Par ailleurs, les adoptions, qu'elles soient réalisées en la forme plénière ou simple, ont lieu principalement aujourd'hui dans le milieu intrafamilial. Dans le cadre de l'adoption simple, 90 % des adoptions prononcées en 2018 concernent l'enfant du conjoint. En effet, « celle-ci est réalisée par un homme seul qui est ou était le beau-parent de l'adopté (79 % des jugements). Ce beau-parent est âgé en moyenne de 68,8 ans (62 ans quand il s'agit d'une femme). Quant à l'adopté, il l'est en moyenne à l'âge de 34,5 ans (33,6 ans pour ceux adoptés par leur beau-père et 37,6 ans pour ceux adoptés par leur belle-mère) »112. Depuis la loi no 2022-219 du 21 février 2022, entrée en vigueur le 23 février 2022, l'adoption est désormais ouverte à tous les couples quel que soit leur mode de conjugalité113, de sorte que le nombre d'adoptions intrafamiliales pourrait être amené à augmenter114.
Volume des jugements d’adoptions simples et plénières prononcés devant le tribunal
Image

Source : Ministère de la Justice, Répertoire général civil – Affaires terminées devant le TGI111.
Répartition des adoptions en 1992, 2007 et 2018
Image

Source : J. Houssier, Les tendances sociologiques, la parenté : adoption et cadre d'adoption des enfants, janv. 2024115.

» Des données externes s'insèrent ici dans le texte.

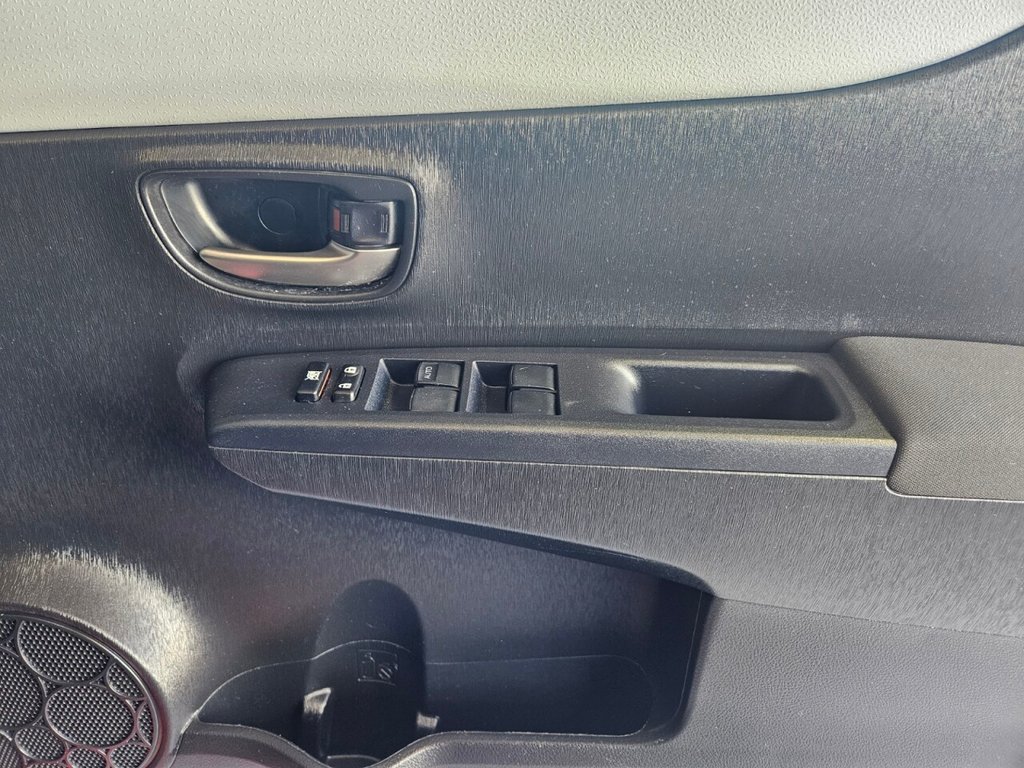 Used Toyota Yaris 2014 for sale - 77919972: Photo 30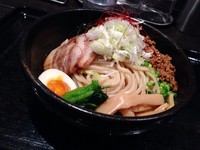 「辛 まぜそば 大盛」@麺匠 我家の写真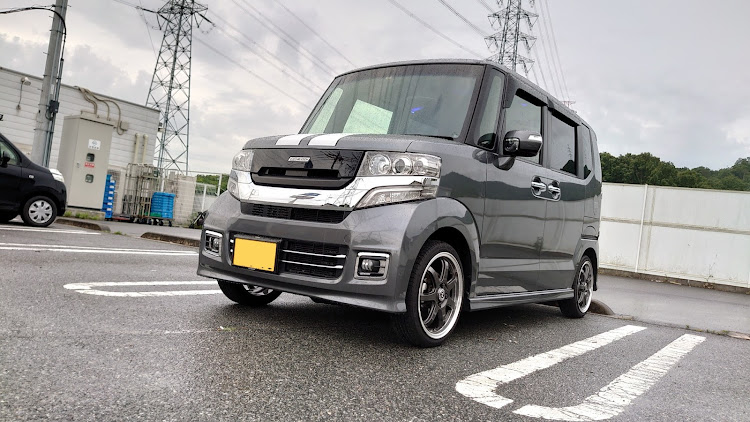 Nボックスカスタムの朝から雨・一服中・乃木坂46・フィットハイブリッドGP5に関するカスタム事例の投稿画像2枚目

– L'évolution de l'adoption internationale. – Si l'adoption internationale était assez marginale en France dans les années 1960, elle a explosé dans les années 1980-1990 jusqu'à représenter 90 % des adoptions au début des années 2000. Toutefois, pour lutter contre d'éventuelles dérives relatives à l'adoption internationale, de nombreux pays dont la France ont ratifié la Convention de La Haye du 29 mai 1993 sur la protection des enfants et la coopération en matière d'adoption internationale116. Depuis lors, le nombre d'adoptions internationales ne cesse de diminuer117. Si 4 136 enfants étaient adoptés à l'étranger par des ressortissants français ou étrangers résidant en France en 2005, le chiffre est désormais de 103 adoptions internationales prononcées en 2024118.